Task to complete:
An exact copy of all the data, minus the images, is required.

++++ Given material

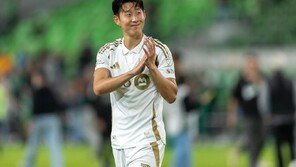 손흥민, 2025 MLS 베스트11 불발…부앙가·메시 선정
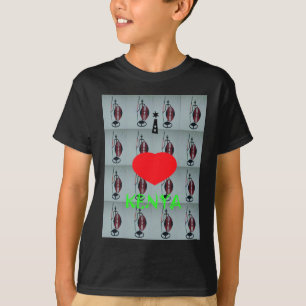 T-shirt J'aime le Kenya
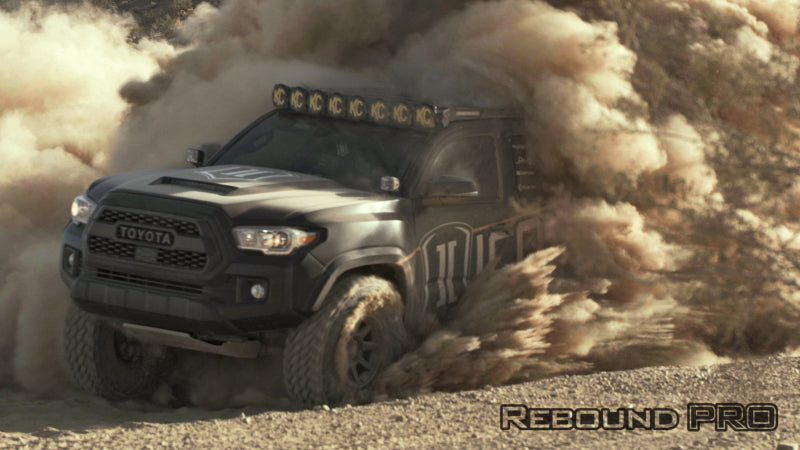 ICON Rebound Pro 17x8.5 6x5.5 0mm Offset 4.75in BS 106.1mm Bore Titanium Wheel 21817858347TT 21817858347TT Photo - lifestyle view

++++++++

Answer space:
 손흥민, 2025 MLS 베스트11 불발…부앙가·메시 선정
 T-shirt J'aime le Kenya
 ICON Rebound Pro 17x8.5 6x5.5 0mm Offset 4.75in BS 106.1mm Bore Titanium Wheel 21817858347TT 21817858347TT Photo - lifestyle view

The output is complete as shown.